I am nothing if not dedicated.

So. What are the chief mysteries of Hooker Hill? This bastion of bawdiness? This small mountain of Korean excess? This island of sin in a city of reserve? They are four-fold.

1. I have discovered where the Korean women who do not dress modestly, who are not hookers, hang out.

2. I have discovered where the military chicks and non-korean women, who are not-hookers, who dress even less modestly, hang out.

3. I have have discovered where the hookers - who do dress somewhat modestly for ladies of the night - hang out.

4. I have discovered that taxi drivers in Seoul hate folk songs. (more on that later)

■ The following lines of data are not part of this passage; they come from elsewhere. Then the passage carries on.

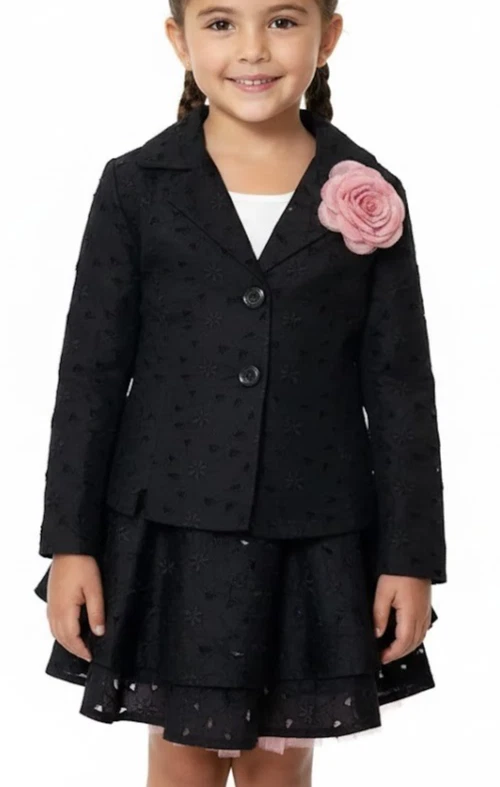 Zoe Ltd Girls Formal Floral Eyelet Lace Blazer & Skirt Set (Size: 7) NWT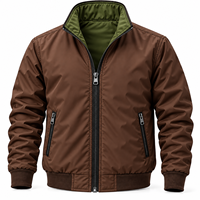 Blouson bomber réversible pour homme, col montant, logo sur le devant, coupe-vent, décontracté, léger, fermeture éclair intégrale, hiver, polyester/coton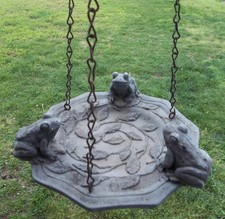 Hanging Stone Bird Feeder Bird Bath Outdoor Dish Bird Treats  Frogs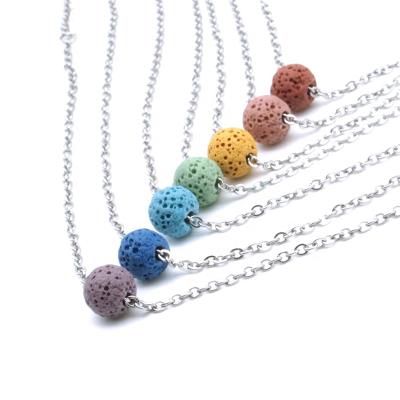 China Handmade Women Jewelry 8MM Lava Stone Beads DIY BOHEMIA Aromatherapy Essential Oil Chain Diffuser Stainless Steel for sale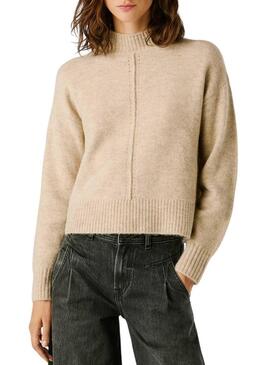 Maglia Pepe Jeans Cecil collo Perkins beige per donna
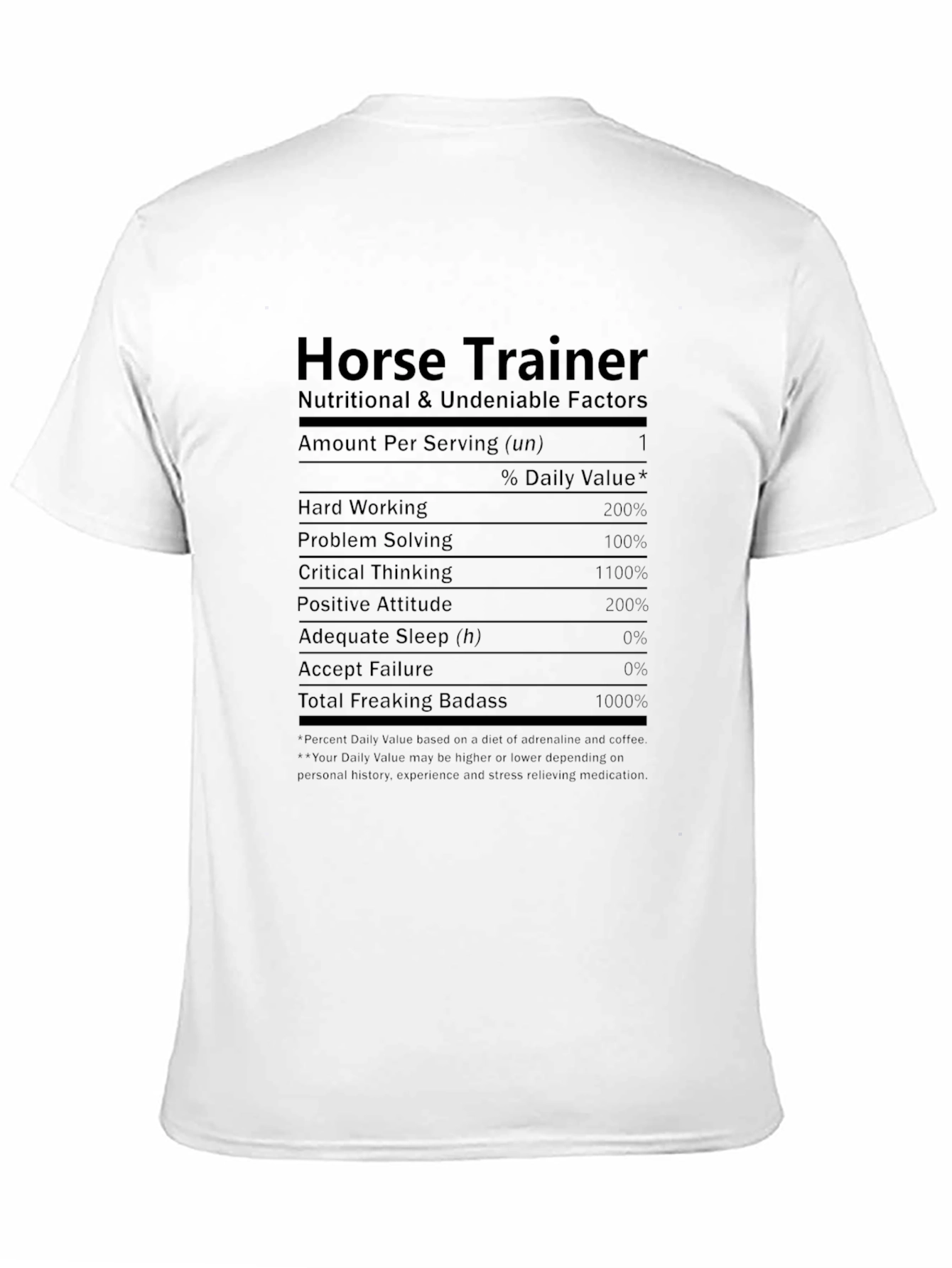 Horse Trainer Nutrition Facts T-Shirt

The first observation was probably the one I was most looking forward to. I have spent the last few weeks in an environment where no woman, as far as the eye could see, dresses any racier than a librarian. Once I hit Hooker Hill, modesty took a holiday. There was enough fishnet to catch a whale. As for the reserve most Korean women seemed to apply to their makeup, well that went elsewhere too. You could've made an Albino red - head to toe - with that much blush.

All in all, these women looked as good as I suspected they would... provided someone gave them the permission to cut loose. Which is what these girls were doing with a vengance.

Not to be outdone, the ex-pat women, the female military and the girls just on holiday were trying to better their Korean counterparts in "see em from 200 yards" attractiveness. My fellow english teacher and "hooker hill" tour guide, Krista, even wore her "making trouble" dress.

The whole thing, when you came right down to it was like some trashy arms race of love. I nearly cried. It was like a beautiful wedding. In a trailer park.

But, as with nearly everything here in the east, there is a saddening yin to whatever kickass yang you can come up with. And the other shoe to drop here was numbers.

All told, for a city the size of Seoul, including the military girls the ex-pat girls, the drunken German Heidi vacationers and the Korean women willing to buck an entire society's tradition...well there just weren't that many of em.

A little math: in any given club in Seoul, the number of women looking to get funky on the dance floor is about the same as in any American club. So is the amount of booze they drink. And so is the number of times in a night some overtired DJ can be shamed into playing "Paradise by the Dashboard Light." (2 for those scoring at home)

So what's the magic X-factor number that turns the equation sour?

The the number of men.

By my accounting, hungry men outnumber the funky women here 8 to 1. On a good night. On a bad one? The lone woman in the club might be hiding in the bathroom waiting for the testosterone to descend to merely "hazardous" levels. And remember, this isn't just regular guys outnumbering women on the dance floor. This is an alpha male heavy, well trained army. Literally. Your average regular Joe is competing with at least one or two deadly forward batallions.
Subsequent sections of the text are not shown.